Debray rougit légèrement et suivit la direction du regard de Beauchamp.

«Allons donc! dit-il, c’est une femme voilée, une dame inconnue, quelque princesse étrangère, la mère du prince Cavalcanti peut-être; mais vous disiez, ou plutôt vous alliez dire des choses fort intéressantes, Beauchamp, ce me semble.

– Moi?

– Oui. Vous parliez de la mort étrange de Valentine.

– Ah! oui, c’est vrai; mais pourquoi donc Mme de Villefort, n’est-elle pas ici?

– Pauvre chère femme! dit Debray, elle est sans doute occupée à distiller de l’eau de mélisse pour les hôpitaux, et à composer des cosmétiques pour elle et pour ses amies. Vous savez qu’elle dépense à cet amusement deux ou trois mille écus par an, à ce que l’on assure. Au fait, vous avez raison, pourquoi n’est-elle pas ici, Mme de Villefort? Je l’aurais vue avec un grand plaisir; j’aime beaucoup cette femme.

– Et moi, dit Château-Renaud, je la déteste.

– Pourquoi?

– Je n’en sais rien. Pourquoi aime-t-on? pourquoi déteste-t-on? Je la déteste par antipathie.

– Ou par instinct, toujours.

– Peut-être… Mais revenons à ce que vous disiez, Beauchamp.
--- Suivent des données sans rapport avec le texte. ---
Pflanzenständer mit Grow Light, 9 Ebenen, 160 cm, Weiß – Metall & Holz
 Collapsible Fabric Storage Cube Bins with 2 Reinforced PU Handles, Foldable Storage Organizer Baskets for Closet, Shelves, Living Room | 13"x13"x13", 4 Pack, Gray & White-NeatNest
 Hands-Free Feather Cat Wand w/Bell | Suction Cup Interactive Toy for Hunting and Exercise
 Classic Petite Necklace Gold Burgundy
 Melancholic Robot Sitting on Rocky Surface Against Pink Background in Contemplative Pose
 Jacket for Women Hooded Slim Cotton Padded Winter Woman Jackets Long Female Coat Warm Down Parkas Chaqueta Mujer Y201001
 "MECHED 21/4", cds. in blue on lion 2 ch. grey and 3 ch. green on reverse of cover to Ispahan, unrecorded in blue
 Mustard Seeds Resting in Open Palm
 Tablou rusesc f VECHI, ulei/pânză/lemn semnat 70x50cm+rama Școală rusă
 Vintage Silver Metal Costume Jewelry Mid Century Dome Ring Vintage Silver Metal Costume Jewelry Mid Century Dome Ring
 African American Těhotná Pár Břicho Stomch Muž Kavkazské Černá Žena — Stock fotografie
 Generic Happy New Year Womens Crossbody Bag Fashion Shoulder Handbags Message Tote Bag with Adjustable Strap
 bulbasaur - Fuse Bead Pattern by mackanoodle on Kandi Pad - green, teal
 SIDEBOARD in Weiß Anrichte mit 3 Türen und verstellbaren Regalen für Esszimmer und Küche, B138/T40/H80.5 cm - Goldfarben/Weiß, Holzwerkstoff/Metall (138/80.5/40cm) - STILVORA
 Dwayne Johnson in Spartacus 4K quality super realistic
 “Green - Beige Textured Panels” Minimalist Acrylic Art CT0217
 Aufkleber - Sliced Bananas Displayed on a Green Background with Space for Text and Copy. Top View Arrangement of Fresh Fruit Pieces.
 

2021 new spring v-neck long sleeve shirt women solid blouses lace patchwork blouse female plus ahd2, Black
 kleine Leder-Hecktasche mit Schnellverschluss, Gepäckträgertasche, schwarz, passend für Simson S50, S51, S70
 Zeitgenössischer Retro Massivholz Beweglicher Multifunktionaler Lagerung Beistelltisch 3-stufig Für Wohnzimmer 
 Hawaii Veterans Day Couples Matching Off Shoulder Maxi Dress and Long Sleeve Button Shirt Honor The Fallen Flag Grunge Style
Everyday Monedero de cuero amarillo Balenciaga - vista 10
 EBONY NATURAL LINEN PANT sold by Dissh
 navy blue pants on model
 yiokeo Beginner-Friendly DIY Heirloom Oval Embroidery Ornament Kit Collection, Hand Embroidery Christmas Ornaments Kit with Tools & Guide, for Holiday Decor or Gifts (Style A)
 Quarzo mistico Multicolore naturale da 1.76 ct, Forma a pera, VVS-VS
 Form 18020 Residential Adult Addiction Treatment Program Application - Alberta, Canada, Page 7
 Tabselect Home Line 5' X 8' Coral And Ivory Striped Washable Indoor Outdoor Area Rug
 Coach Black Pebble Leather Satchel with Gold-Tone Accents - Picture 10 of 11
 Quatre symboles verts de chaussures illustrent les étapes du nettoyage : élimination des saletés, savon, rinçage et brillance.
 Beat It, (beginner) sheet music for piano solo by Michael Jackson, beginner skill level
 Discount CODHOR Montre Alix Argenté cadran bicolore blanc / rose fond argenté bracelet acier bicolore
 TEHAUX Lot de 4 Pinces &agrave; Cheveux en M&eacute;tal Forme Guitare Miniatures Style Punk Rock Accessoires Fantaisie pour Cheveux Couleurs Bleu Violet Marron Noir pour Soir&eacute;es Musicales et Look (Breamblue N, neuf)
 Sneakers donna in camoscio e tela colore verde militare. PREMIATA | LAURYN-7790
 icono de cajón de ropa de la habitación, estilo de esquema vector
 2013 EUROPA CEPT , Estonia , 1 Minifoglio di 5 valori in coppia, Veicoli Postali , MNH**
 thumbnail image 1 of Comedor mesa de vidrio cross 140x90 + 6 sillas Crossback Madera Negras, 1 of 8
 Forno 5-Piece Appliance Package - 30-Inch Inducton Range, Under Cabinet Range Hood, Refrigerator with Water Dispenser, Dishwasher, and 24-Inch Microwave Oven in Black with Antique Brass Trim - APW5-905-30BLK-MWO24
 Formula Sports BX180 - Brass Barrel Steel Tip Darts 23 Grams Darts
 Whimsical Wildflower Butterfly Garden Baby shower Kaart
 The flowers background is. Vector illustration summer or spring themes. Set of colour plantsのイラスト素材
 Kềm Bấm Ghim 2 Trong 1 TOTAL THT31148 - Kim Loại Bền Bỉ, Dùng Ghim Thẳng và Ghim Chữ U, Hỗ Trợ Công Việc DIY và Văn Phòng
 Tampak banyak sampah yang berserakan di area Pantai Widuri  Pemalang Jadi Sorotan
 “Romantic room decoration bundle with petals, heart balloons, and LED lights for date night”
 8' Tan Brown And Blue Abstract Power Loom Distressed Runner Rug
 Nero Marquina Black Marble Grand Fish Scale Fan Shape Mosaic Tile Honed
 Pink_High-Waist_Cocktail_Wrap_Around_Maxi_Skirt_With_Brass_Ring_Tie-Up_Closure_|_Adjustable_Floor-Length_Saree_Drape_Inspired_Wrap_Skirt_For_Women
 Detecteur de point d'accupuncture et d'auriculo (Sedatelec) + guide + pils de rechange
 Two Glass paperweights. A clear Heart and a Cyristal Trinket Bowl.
– Eh bien, reprit Beauchamp, n’êtes-vous pas curieux de savoir, messieurs, pourquoi l’on meurt si dru dans la maison Villefort?

– Dru est joli, dit Château-Renaud.

– Mon cher, le mot se trouve dans Saint-Simon.

– Mais la chose se trouve chez M. de Villefort; allons-y donc.

– Ma foi! dit Debray, j’avoue que je ne perds pas de vue cette maison tendue de deuil depuis trois mois et avant-hier encore, à propos de Valentine, madame m’en parlait.

– Qu’est-ce que madame?… demanda Château-Renaud.

– La femme du ministre, pardieu!

– Ah! pardon, fit Château-Renaud, je ne vais pas chez les ministres, moi, je laisse cela aux princes.

– Vous n’étiez que beau, vous devenez flamboyant, baron; prenez pitié de vous, ou vous allez nous brûler comme un autre Jupiter.

– Je ne dirai plus rien, dit Château-Renaud; mais que diable, ayez pitié de moi, ne me donnez pas la réplique.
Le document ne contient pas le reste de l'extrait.